Following an appeal from PETA India, the director of animal husbandry, Government of National Capital Territory of Delhi, has issued a circular instructing all the deputy directors, district animal husbandry officers, and veterinary officers of the Animal Husbandry Unit to ensure the prohibition of the manufacture, sale, and use of glue traps is upheld. The circular asks that advisories circulated by the Animal Welfare Board of India (AWBI) against these sticky boards be implemented and that penal action be taken under Section 11 of The Prevention of Cruelty to Animals Act, 1960, against individuals or establishments found in violation of the order. Citing the indiscriminate nature of glue traps, the circular also underlines the suffering endured by the animals, including non-target species like birds, squirrels, reptiles, and frogs, who become caught in them.
In its appeal, PETA India requested that the union territory take immediate steps to implement the AWBI’s directions against cruel and illegal glue traps. Similar circulars taking action on glue traps have been issued by the governments of Andhra Pradesh, Arunachal Pradesh, Chhattisgarh, Goa, Himachal Pradesh, Jammu and Kashmir, Karnataka, Ladakh, Lakshadweep, Madhya Pradesh, Meghalaya, Mizoram, Sikkim, Tamil Nadu, Telangana, Uttarakhand, and West Bengal.

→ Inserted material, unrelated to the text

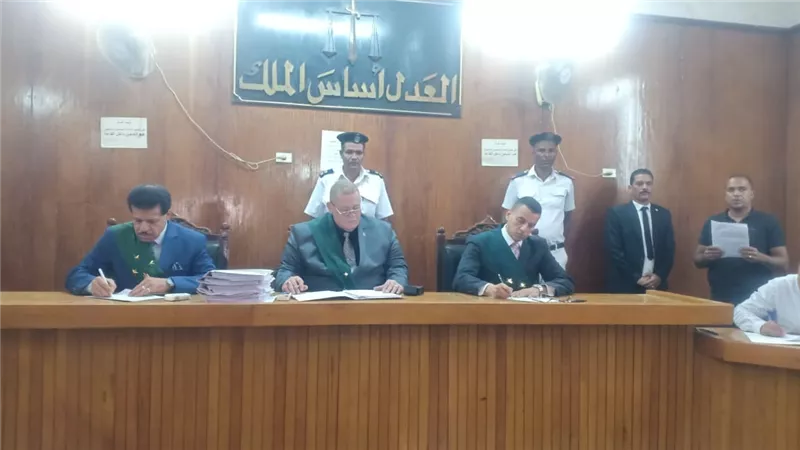 جنايات قنا الاقتصادية تؤيد قرار التحفظ على أموال ٩ مستريحين بمحافظة اسوان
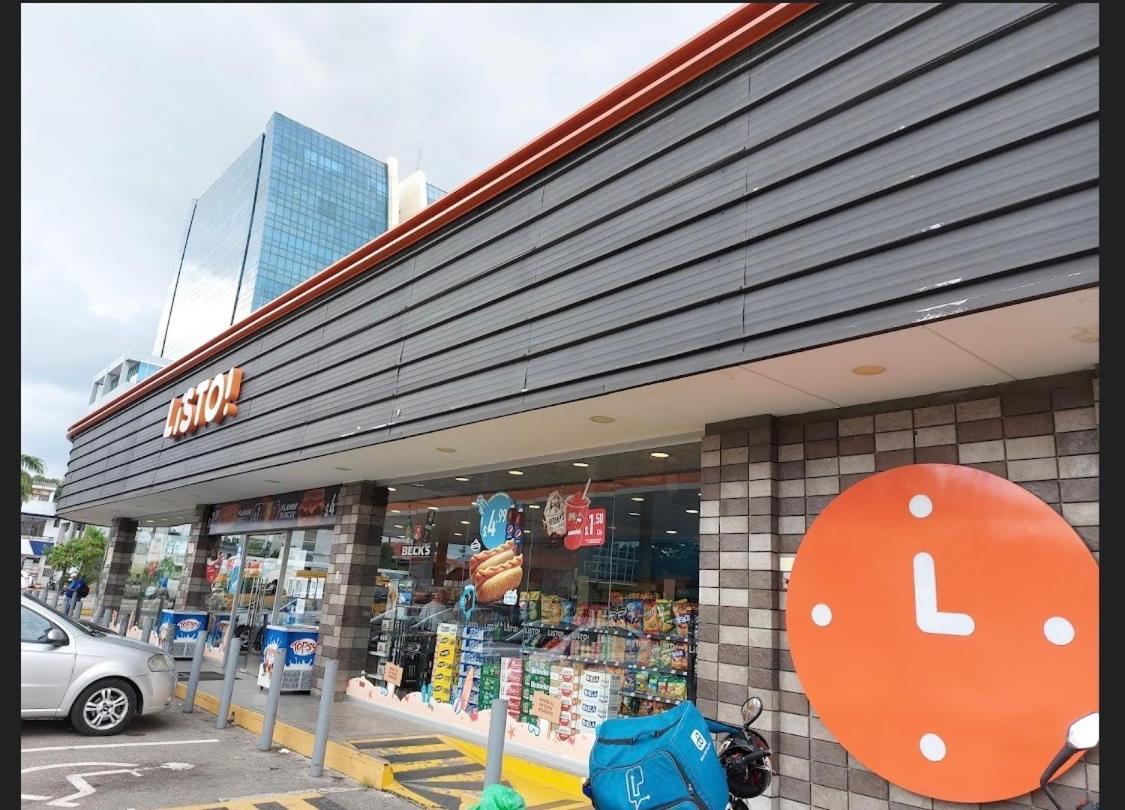 Mega Suite Junto Al San Marino Shopping Guayaquil Esterno foto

Usually made of plastic trays or sheets of cardboard covered with strong glue, these traps are indiscriminate killers that frequently ensnare non-target animals. This makes their use also a violation of the Wild Life (Protection) Act, 1972, which prohibits the “hunting” of protected indigenous species. Mice, rats, and other animals caught in these traps can die of hunger, dehydration, or exposure after days of prolonged suffering. Others may suffocate when their noses and mouths become stuck in the glue, while some even chew through their legs in a desperate bid for freedom and die from blood loss. Those found alive may be thrown away along with the trap or face even more traumatic death, such as bludgeoning or drowning.
PETA India notes that the best way to control rodent populations is to make the area unattractive or inaccessible to them: eliminate food sources by keeping surfaces and floors clean and storing food in chew-proof containers, sealing trash cans, and using ammonia-soaked cotton balls or rags to drive rodents away (they hate the smell). After giving them a few days to leave, seal entry points using foam sealant, steel wool, hardware cloth, or metal flashing. Rodents can also be removed using humane cage traps but must be released where they will find adequate food, water, and shelter to help them survive.